Ideas, Associations, and Misleading Interpretations
§10 Size, form, and material are the most distinctive features taken into account to label an object as “ritual object.” For example, unusual object sizes (very small or extra-large) are considered identifiers for assigning a “ritual” or “special” status to an object. Following this line of interpretation, a series of monumental vases dating to the sixth or fifth century BCE are thought to be used in some kind of ritual ceremonies. Too large for daily use, they are mostly found in sanctuaries.[8] Because of their remarkable size, scholars tend to associate them with a theoxenia ritual and with heroic banquets. Their large size is thus given a special value regarding its relation to the divine. Being exceptional in this respect, scholars are of the opinion that the massiveness of these vessels may represent an attempt to render these pots usable by the gods and heroes in their banquets.[9]
§11 Whatever the function of these vases, the use of their size as criterion for assigning status stems from modern preconceptions and cultural values. In a similar manner, miniature pots have long been considered to be “poor peoples’ offerings.”[10] When it comes to ritual, however, we should remember that these small vessels are divested of aesthetic and value considerations and are in turn vested with particular “ritual functions.” The forms of artifacts is also thought to provide us with evidence regarding their function. Function, clearly, does not follow form. One further distinction we ought to make is that “function” is different from “functionality” – that is the purpose that something is designed or expected to fulfill. As a consequence, the utilitarian interpretation of pottery found in sanctuaries is unsatisfactory. For example, most pots when found in a sanctuary context are considered “offerings.” Those destined for ritual, such as “libations,” would instead be a rare phenomenon.

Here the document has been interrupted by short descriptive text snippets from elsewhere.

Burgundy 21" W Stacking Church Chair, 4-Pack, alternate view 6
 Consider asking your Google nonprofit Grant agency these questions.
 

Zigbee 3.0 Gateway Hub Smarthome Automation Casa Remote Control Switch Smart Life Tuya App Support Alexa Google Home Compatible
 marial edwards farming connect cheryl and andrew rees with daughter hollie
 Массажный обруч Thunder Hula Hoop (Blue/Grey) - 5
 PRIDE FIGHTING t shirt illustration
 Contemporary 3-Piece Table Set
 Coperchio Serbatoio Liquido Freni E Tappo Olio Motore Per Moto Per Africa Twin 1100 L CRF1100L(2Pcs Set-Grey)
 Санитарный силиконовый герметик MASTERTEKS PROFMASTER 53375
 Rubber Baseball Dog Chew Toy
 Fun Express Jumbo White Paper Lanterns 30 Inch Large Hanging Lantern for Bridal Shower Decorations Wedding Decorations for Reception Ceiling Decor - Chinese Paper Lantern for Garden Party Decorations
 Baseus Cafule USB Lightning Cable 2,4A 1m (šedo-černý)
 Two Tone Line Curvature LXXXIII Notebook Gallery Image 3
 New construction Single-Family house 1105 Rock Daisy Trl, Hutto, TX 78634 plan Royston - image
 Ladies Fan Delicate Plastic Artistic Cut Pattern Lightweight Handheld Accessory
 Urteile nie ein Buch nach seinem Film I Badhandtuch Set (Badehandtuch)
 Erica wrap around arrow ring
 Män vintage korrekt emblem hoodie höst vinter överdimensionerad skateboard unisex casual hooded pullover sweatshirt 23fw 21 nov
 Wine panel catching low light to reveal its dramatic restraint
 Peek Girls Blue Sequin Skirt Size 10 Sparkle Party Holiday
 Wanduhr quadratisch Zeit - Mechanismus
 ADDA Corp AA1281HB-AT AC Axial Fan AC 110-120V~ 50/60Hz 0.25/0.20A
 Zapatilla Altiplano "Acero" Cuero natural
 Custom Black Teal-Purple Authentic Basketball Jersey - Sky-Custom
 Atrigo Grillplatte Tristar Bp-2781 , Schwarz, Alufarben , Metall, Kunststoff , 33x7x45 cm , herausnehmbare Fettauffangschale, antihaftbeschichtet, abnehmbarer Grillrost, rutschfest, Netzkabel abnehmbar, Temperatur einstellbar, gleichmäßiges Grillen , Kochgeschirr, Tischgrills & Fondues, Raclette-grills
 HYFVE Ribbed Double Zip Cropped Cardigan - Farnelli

§12 At the same time material also plays an important role. In fact, few vessels would be necessary for ritual and they would, most likely, have been made of metal.[11] Specific materials, however, are often used in scholarship as identifiers of “objects used in rituals.” For example, we often read that metal vessels, because of their “value,” were used in rituals. Although this point probably holds true for official occasions, where ritual is ostentatious (e.g. as it is also the case with processions), in other cases modest ceramics are more than adequate to perform what the ritual requires. Thus, “value” (a problematic term in its own right) is not a good identifier for “objects used within ritual.”
§13 To sum up so far: we are accustomed to understand size, form and material as having a priori specific connotations such as “over-size/divine” or “under-size/poor.” We infer that the same connotations were used in antiquity. We assume, for example, that when visitors to a sanctuary saw large vases they must have thought of them as banqueting equipment for gods and heroes. These objects, because they generate a story, have been labeled “narrative” objects. Behind this attractive categorization, there is a very practical idea. As it happened in antiquity, when direct information is lacking, we use our imagination to fill in the gaps.[12] Objects are considered in this case as supports for mythography. They allude to specific narratives or personages, and when the allusion in question is not clear, the spectator may link the actual object to one of the myths or stories he knows. This is more or less what Herodotus is doing when he identifies foreign gods with Greek ones. Pausanias is acting similarly when he identifies statues and divinities in various sanctuaries with local representations. This is the mechanism of “mythography without texts,” as Anne-Françoise Jaccottet termed it.[13] When the destined use of an object is no longer clear, this mechanism kicks in, generating assumed functions for objects. We subsequently link the objects to previously identified features in order to make sense of their outward properties.
§14 One additional methodological pitfall needs to be considered in the context of the associations inferred from size, form, and material. The identification of objects related in written sources is achieved through their names and their associations from descriptions of ancient authors such as Athenaeus and his Deipnosophistai. Names, however, hardly correspond to forms in the perfect way we imagine when we give every single artifactual category (say a vessel type) an ancient name. By doing so in fact we create a new cultural concept – a modern category. This is a new, arbitrary, category using real objects that are perceived as illustrations of a specific ancient term.[14] Classification is indeed necessary for making some sense of the past. But when the names used come from an ancient vocabulary, then the assigned term acquires immediately assumed connotations leading to generalizations. The references available for use in the process of identification preceding the meaning assignment are in all probability not the ones we should have at our disposal for accurately identifying objects.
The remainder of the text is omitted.